Ao mesmo tempo, enfrentava uma poderosa acção desestabilizadora, fomentada e financiada pela oligarquia financeira e pelo governo dos Estados Unidos, com as “greves” dos camionistas, paralisações diversas, sabotagem económica, boicotes externos, campanha hostil na imprensa, golpes e ameaças de golpes militares.

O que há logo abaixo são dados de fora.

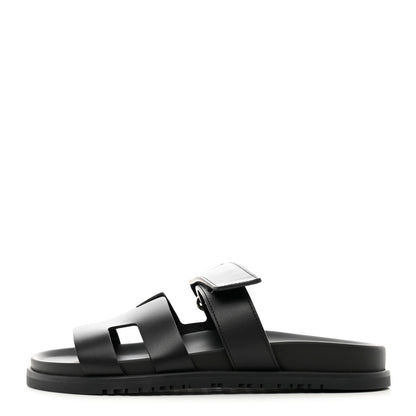 Hermes Calfskin Womens Chypre Sandals 38 Black 1 of 8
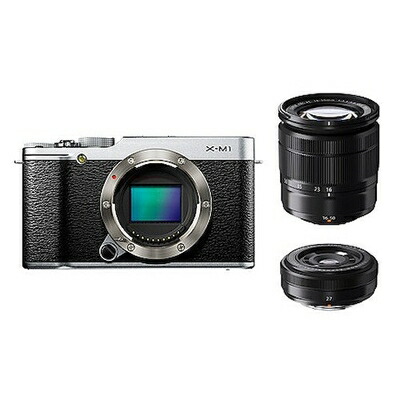 【中古】 FUJIFILM 鏡鑑受け答え一眼写真機 X-M1 W水晶体一揃いの道具 望遠レンズ嘱する 1630万絵素APS-C しろがね色 F X-M1S/1650/27KIT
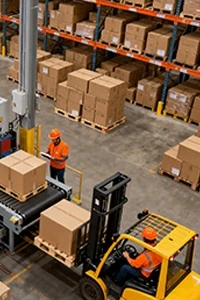Industrial warehouse with workers loading pallets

Militares constitucionalistas, como o Chefe das Forças Armadas, General Schneider, assassinado na rua, Comandante Araya, Ajudante de Campo de Allende, morto a tiro na varanda de sua casa, General Prats, assassinado em Buenos Aires, são marcas de uma conspiração que não conhecia limites para atingir os seus fins.
Apesar dos efeitos da estratégia de tensão, da imagem criada de caos e degradação, das iniciativas concertadas de partidos de direita, de altos comandos militares e do grupo armado fascista “Patria y Libertad”, as eleições de Março de 73 reforçaram a votação nos partidos da Unidade Popular, que ultrapassou os 43%, sendo eleitos mais 3 senadores e 6 deputados.
Ficou claro para as forças de direita, para os militares golpistas, estreitamente ligados às ditaduras da região, à CIA e às autoridades norte-americanas, que só pela violência e não por meios legais poderiam derrubar o governo de Unidade Popular.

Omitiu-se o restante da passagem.